La originalidad y la diversidad cultural han sido históricamente dos de los pilares del Festival de Eurovisión. En un certamen donde la innovación puede marcar la diferencia, Bélgica demostró en 2003 que una propuesta única, con raíces profundamente culturales y un enfoque contemporáneo, puede superar expectativas y conectar con millones de espectadores. El grupo Urban Trad, con su canción ‘Sanomi’, logró no solo un destacado segundo puesto, sino también un lugar en la historia del festival gracias a su planteamiento creativo y su capacidad de transmitir un mensaje universal sin palabras, a partir de una canción en una lengua imaginaria.
‘Sanomi’, fue compuesta por Yves Barbieux, lider del grupo, con un concepto muy particular: prescindir de un idioma reconocible y, en su lugar, utilizar un lenguaje imaginario. Esta decisión buscaba que la música y la interpretación se erigieran como el verdadero vehículo emocional, eliminando cualquier barrera lingüística. Así, las palabras de la canción no llevaban un significado literal, sino que funcionaban como sonidos diseñados para evocar emociones universales.
Musicalmente, ‘Sanomi’ combinaba sonidos folk europeos con una atmósfera cercana al new age, logrando un equilibrio entre lo antiguo y lo contemporáneo. Instrumentos tradicionales como la gaita, el violín y el acordeón se fusionaron con arreglos modernos para crear una melodía hipnótica que podía ser apreciada sin importar el idioma o el contexto cultural.
En la interpretación vocal, Verónica Codesal, hija de padres gallegos y nacida en Bruselas, asumió el liderazgo con una voz etérea que fue complementada por Marie-Sophie Talbot. Ambas vocalistas añadieron una expresividad gestual que reforzaba el mensaje emocional de la canción, destacando por su capacidad de conectar con el público sin necesidad de una coreografía elaborada.

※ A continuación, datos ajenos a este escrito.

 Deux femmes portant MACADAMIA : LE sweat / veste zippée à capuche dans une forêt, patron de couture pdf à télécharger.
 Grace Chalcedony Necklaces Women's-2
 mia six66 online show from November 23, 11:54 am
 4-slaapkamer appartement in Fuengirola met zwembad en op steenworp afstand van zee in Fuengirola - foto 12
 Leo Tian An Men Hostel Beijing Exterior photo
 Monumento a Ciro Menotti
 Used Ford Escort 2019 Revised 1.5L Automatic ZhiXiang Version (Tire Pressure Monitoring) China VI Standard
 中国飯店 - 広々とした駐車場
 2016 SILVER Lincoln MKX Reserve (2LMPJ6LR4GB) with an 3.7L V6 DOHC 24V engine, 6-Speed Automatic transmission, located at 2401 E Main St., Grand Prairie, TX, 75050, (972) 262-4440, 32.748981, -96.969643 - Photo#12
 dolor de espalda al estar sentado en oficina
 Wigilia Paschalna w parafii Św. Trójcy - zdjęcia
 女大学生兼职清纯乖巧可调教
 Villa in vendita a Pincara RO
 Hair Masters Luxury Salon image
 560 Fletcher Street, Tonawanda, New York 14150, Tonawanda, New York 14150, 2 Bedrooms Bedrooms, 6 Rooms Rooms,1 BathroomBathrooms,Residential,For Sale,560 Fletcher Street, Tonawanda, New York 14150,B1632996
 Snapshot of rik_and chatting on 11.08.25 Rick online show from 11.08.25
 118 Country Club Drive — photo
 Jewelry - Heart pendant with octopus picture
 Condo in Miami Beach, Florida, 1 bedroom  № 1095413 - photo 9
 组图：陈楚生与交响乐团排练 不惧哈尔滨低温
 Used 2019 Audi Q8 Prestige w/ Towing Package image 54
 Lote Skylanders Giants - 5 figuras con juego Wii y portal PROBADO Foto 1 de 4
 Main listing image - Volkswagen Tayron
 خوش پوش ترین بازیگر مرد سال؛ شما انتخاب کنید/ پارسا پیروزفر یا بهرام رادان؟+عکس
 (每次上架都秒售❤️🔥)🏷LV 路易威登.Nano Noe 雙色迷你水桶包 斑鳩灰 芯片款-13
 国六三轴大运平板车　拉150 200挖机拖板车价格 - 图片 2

El proyecto Urban Trad: puente entre tradición y modernidad
Urban Trad surgió en mayo del año 2000 como una iniciativa de Yves Barbieux, un músico valón apasionado por las raíces culturales de Europa. Su objetivo era claro: combinar elementos de la música folk tradicional con arreglos modernos que dialogaran con el público contemporáneo. Este enfoque permitió la incorporación de músicos de Valonia y Flandes, simbolizando en su misma formación la riqueza y diversidad de Bélgica, un país marcado por su multiculturalidad.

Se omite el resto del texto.